By Corina Oliquino i FilAm Star Correspondent
Diwata-2, the Philippines’ second micro-satellite was launched into space from the Tanegashima Space Center in Japan last October 29.
Unlike its predecessor Diwata-1, Diwata-2 was launched directly into orbit via the H-IIA F40 rocket between 12:08 p.m. to 12:30 p.m. Philippine time.
The micro-satellite, which would help in environmental assessment and determine the extent of damage brought by natural calamities, will follow a synchronous or a nearly polar orbit around the Earth.
In a report by Rappler, the synchronous orbit meant the satellite will pass over any given point of the Earth’s surface at the same local mean solar time, which would allow a regular revisit of the micro-satellite.
“In addition, Diwata-2 features an amateur radio for emergency communication,” Project Leader Dr. Gay Jane Perez said, according to GMA News.
Significant information and world-best images
Diwata-1 was launched in April 2016 and praised by Hokkaido University researchers for producing world-best images. Diwata-2 also carries a wide field camera, middle field camera, high-precision telescope and “space borne” multi-spectral imager with tunable liquid crystal filter.
It is noted that one of the micro-satellite’s distinguishing feature is its deployable solar panels made for higher power output and enhanced resolution cameras.
“Two locally-made amateur radio unit for emergency communications and a satellite orientation module for heightened pointing accuracy are also on-board Diwata-2 as part of an experiment,” according to GMA News.
Meanwhile, the Department of Science and Technology’s (DoST) Undersec. for Research and Development Dr. Rowena Cristina Guevara said in a report by GMA News that “satellites are important in providing information government agencies receive during times of natural disasters.”
“We are using a lot of satellites to give information not just to the National Disaster Risk Reduction [Management] Council but also to PAGASA for the weather. We also give it to PHIVOLCS for landslide,” Guevara said.
“We are also giving it to other government agencies for assessing their resources as well as the hazard,” Guevara added, noting satellite images would also be useful for students conducting research in their own respective fields.
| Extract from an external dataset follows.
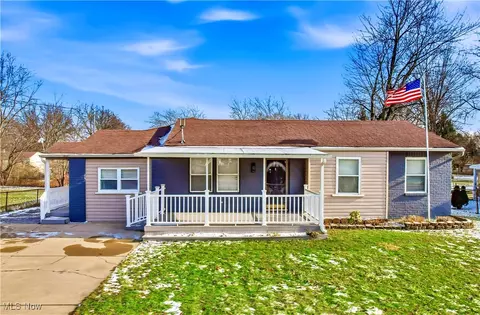 245 North Rd, Niles, OH 44446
In a report by Rappler, Diwata-2 is among the selection of micro-satellites and nano-satellites that the Development of Philippine Scientific Earth Observation Microsatellite (PHL-Microsat) Program has produced over the years and after the release of Diwata-1.
During the public viewing held at the University of the Philippine Diliman Guevara noted that the program has produced 50 scientists and engineers and is looking forward to encourage more.
“We’re not just building satellites. The real product of this project is the people,” Marc Caesar Talampas, one of the project leaders of the Philippine Micro-satellite Program, said according to Rappler.
In another report by GMA News, Diwata-2 (which is one of the five small satellites that are secondary payloads to be launched together with the satellites IBUKI-2 and KhalifaSat) was built under the PHL-Microsat program and in collaboration with the Hokkaido University, the Tohoku University, the University of the Philippines-Diliman, and the Department of Science and Technology-Advanced Science and Technology Institute (DoST-ASTI) under a PHP 900 million-fund.
“The PHL-Microsat Program is succeeded by the Sustained Support for Local Space Technology and Applications Mastery, Innovation and Advancement (STAMINA4Space) Program, which aims to build a local industrial base and enhance local space science and engineering expertise, which ultimately prepares the country in establishing the Philippine Space Agency,” GMA News reported.